- [WORK TO COMPLETE]:
Your job is to retype all of the data word for word, leaving every image out.

- [INFORMATION SUPPLIED]:
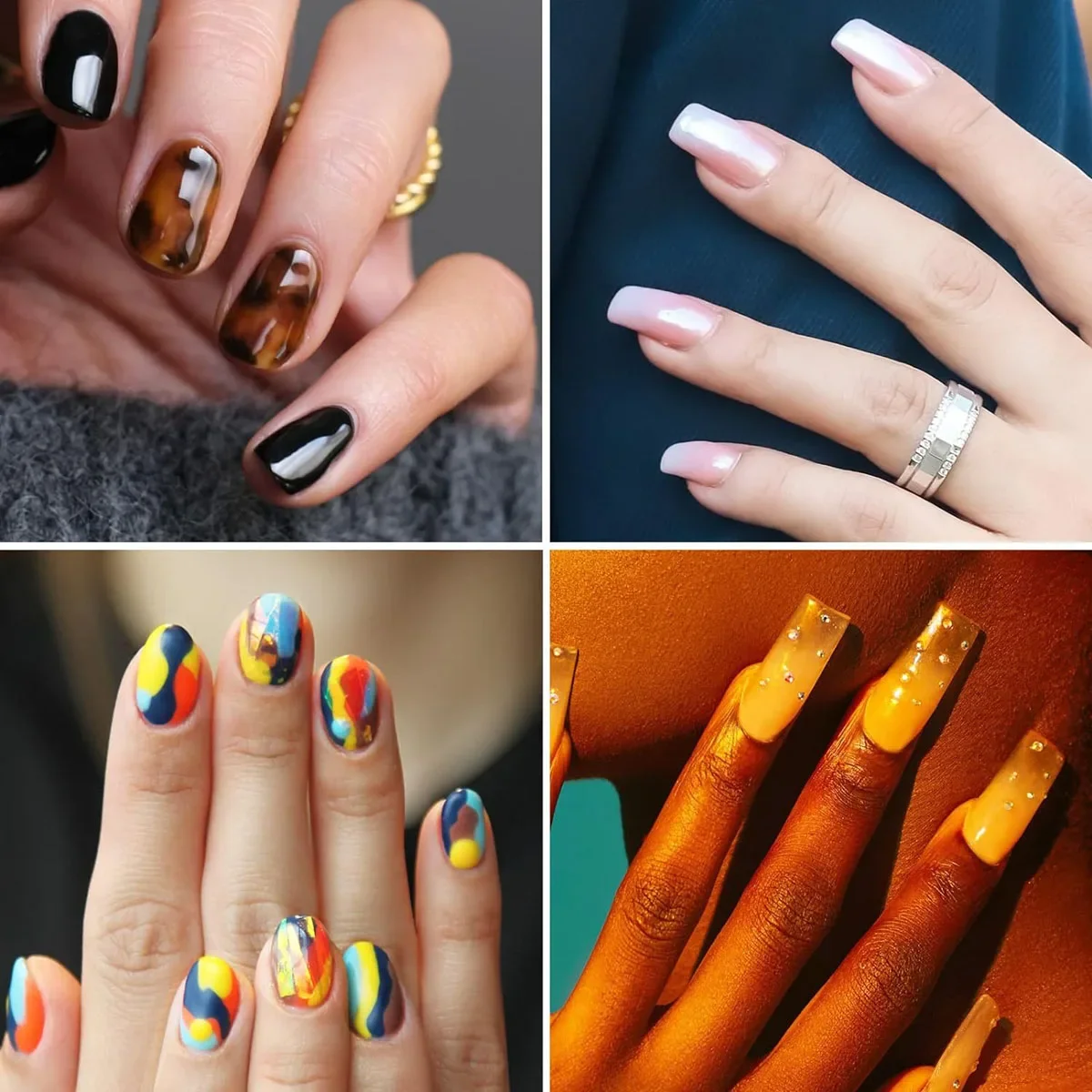 1PC Gradient Bloom Nail Art Painting Brush Black Wood Handle Nylon Hair Ombre Brush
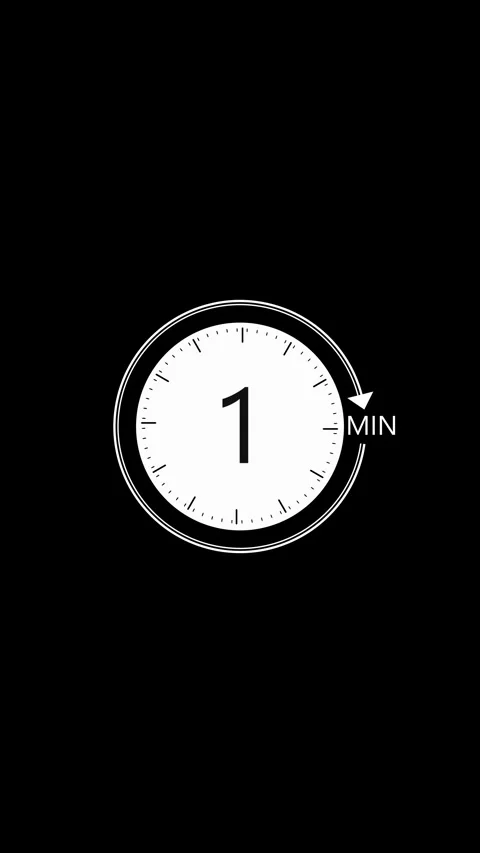 Professional countdown timer circular clock motion Time Up notification. learnin Stock Footage 340479022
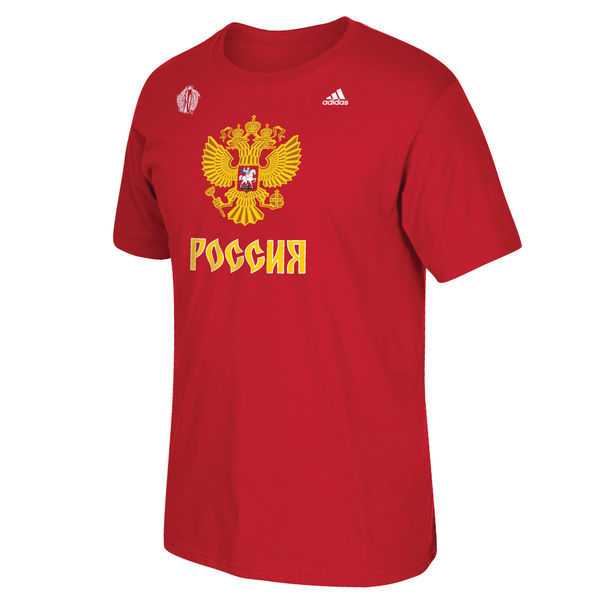 Russia Hockey 2016 World Cup of Hockey Primary Logo WEM T-Shirt - Red,We sell and wholesale Russia Hockey 2016 World Cup of Hockey Primary Logo WEM T-Shirt - Red on line form chian!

- [OUTPUT FOR THIS TASK]:
 1PC Gradient Bloom Nail Art Painting Brush Black Wood Handle Nylon Hair Ombre Brush
 Professional countdown timer circular clock motion Time Up notification. learnin Stock Footage 340479022
 Russia Hockey 2016 World Cup of Hockey Primary Logo WEM T-Shirt - Red,We sell and wholesale Russia Hockey 2016 World Cup of Hockey Primary Logo WEM T-Shirt - Red on line form chian!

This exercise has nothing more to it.